• Provided records:

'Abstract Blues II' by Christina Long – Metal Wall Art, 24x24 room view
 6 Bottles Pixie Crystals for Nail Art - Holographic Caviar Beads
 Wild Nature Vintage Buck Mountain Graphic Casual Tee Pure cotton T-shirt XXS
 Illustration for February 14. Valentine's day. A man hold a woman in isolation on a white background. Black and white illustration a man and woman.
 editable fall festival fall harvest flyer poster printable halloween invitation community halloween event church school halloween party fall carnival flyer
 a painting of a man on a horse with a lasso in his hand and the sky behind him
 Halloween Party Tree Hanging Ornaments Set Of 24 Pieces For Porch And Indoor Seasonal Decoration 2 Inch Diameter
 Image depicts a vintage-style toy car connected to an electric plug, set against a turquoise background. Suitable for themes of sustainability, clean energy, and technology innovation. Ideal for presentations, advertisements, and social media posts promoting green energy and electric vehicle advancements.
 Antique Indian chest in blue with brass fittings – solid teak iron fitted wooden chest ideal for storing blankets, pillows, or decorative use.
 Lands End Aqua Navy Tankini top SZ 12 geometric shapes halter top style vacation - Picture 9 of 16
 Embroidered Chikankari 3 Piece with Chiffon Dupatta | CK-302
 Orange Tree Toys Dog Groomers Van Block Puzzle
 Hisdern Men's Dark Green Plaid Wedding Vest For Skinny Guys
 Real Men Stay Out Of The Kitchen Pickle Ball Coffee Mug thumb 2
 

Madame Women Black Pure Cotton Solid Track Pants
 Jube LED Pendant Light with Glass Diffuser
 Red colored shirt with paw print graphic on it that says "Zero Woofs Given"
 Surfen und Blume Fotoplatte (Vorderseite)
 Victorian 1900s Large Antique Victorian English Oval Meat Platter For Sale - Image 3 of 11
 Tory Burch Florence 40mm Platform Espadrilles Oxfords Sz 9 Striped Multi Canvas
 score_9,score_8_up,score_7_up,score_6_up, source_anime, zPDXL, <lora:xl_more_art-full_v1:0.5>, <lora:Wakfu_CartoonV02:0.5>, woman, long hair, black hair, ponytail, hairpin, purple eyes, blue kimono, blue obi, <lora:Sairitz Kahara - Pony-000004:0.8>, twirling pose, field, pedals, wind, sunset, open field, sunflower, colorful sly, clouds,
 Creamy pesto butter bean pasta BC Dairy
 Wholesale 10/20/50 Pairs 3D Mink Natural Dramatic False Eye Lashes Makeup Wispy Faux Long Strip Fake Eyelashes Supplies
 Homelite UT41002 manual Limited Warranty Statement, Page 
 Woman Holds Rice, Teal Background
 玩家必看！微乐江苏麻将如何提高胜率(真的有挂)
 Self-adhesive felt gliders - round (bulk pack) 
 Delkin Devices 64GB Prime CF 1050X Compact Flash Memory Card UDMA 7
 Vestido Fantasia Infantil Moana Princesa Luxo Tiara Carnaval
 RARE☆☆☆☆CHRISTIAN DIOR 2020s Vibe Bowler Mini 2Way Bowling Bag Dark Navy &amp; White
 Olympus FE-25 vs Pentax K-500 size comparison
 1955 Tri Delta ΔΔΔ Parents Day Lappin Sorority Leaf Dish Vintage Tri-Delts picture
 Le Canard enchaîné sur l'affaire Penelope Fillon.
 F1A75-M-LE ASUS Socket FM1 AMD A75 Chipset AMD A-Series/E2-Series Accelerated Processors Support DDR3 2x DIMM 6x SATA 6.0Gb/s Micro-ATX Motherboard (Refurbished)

• Problem:
Please write out each entry shown above exactly as given.

• Answer section:
'Abstract Blues II' by Christina Long – Metal Wall Art, 24x24 room view
 6 Bottles Pixie Crystals for Nail Art - Holographic Caviar Beads
 Wild Nature Vintage Buck Mountain Graphic Casual Tee Pure cotton T-shirt XXS
 Illustration for February 14. Valentine's day. A man hold a woman in isolation on a white background. Black and white illustration a man and woman.
 editable fall festival fall harvest flyer poster printable halloween invitation community halloween event church school halloween party fall carnival flyer
 a painting of a man on a horse with a lasso in his hand and the sky behind him
 Halloween Party Tree Hanging Ornaments Set Of 24 Pieces For Porch And Indoor Seasonal Decoration 2 Inch Diameter
 Image depicts a vintage-style toy car connected to an electric plug, set against a turquoise background. Suitable for themes of sustainability, clean energy, and technology innovation. Ideal for presentations, advertisements, and social media posts promoting green energy and electric vehicle advancements.
 Antique Indian chest in blue with brass fittings – solid teak iron fitted wooden chest ideal for storing blankets, pillows, or decorative use.
 Lands End Aqua Navy Tankini top SZ 12 geometric shapes halter top style vacation - Picture 9 of 16
 Embroidered Chikankari 3 Piece with Chiffon Dupatta | CK-302
 Orange Tree Toys Dog Groomers Van Block Puzzle
 Hisdern Men's Dark Green Plaid Wedding Vest For Skinny Guys
 Real Men Stay Out Of The Kitchen Pickle Ball Coffee Mug thumb 2
 

Madame Women Black Pure Cotton Solid Track Pants
 Jube LED Pendant Light with Glass Diffuser
 Red colored shirt with paw print graphic on it that says "Zero Woofs Given"
 Surfen und Blume Fotoplatte (Vorderseite)
 Victorian 1900s Large Antique Victorian English Oval Meat Platter For Sale - Image 3 of 11
 Tory Burch Florence 40mm Platform Espadrilles Oxfords Sz 9 Striped Multi Canvas
 score_9,score_8_up,score_7_up,score_6_up, source_anime, zPDXL, <lora:xl_more_art-full_v1:0.5>, <lora:Wakfu_CartoonV02:0.5>, woman, long hair, black hair, ponytail, hairpin, purple eyes, blue kimono, blue obi, <lora:Sairitz Kahara - Pony-000004:0.8>, twirling pose, field, pedals, wind, sunset, open field, sunflower, colorful sly, clouds,
 Creamy pesto butter bean pasta BC Dairy
 Wholesale 10/20/50 Pairs 3D Mink Natural Dramatic False Eye Lashes Makeup Wispy Faux Long Strip Fake Eyelashes Supplies
 Homelite UT41002 manual Limited Warranty Statement, Page 
 Woman Holds Rice, Teal Background
 玩家必看！微乐江苏麻将如何提高胜率(真的有挂)
 Self-adhesive felt gliders - round (bulk pack) 
 Delkin Devices 64GB Prime CF 1050X Compact Flash Memory Card UDMA 7
 Vestido Fantasia Infantil Moana Princesa Luxo Tiara Carnaval
 RARE☆☆☆☆CHRISTIAN DIOR 2020s Vibe Bowler Mini 2Way Bowling Bag Dark Navy &amp; White
 Olympus FE-25 vs Pentax K-500 size comparison
 1955 Tri Delta ΔΔΔ Parents Day Lappin Sorority Leaf Dish Vintage Tri-Delts picture
 Le Canard enchaîné sur l'affaire Penelope Fillon.
 F1A75-M-LE ASUS Socket FM1 AMD A75 Chipset AMD A-Series/E2-Series Accelerated Processors Support DDR3 2x DIMM 6x SATA 6.0Gb/s Micro-ATX Motherboard (Refurbished)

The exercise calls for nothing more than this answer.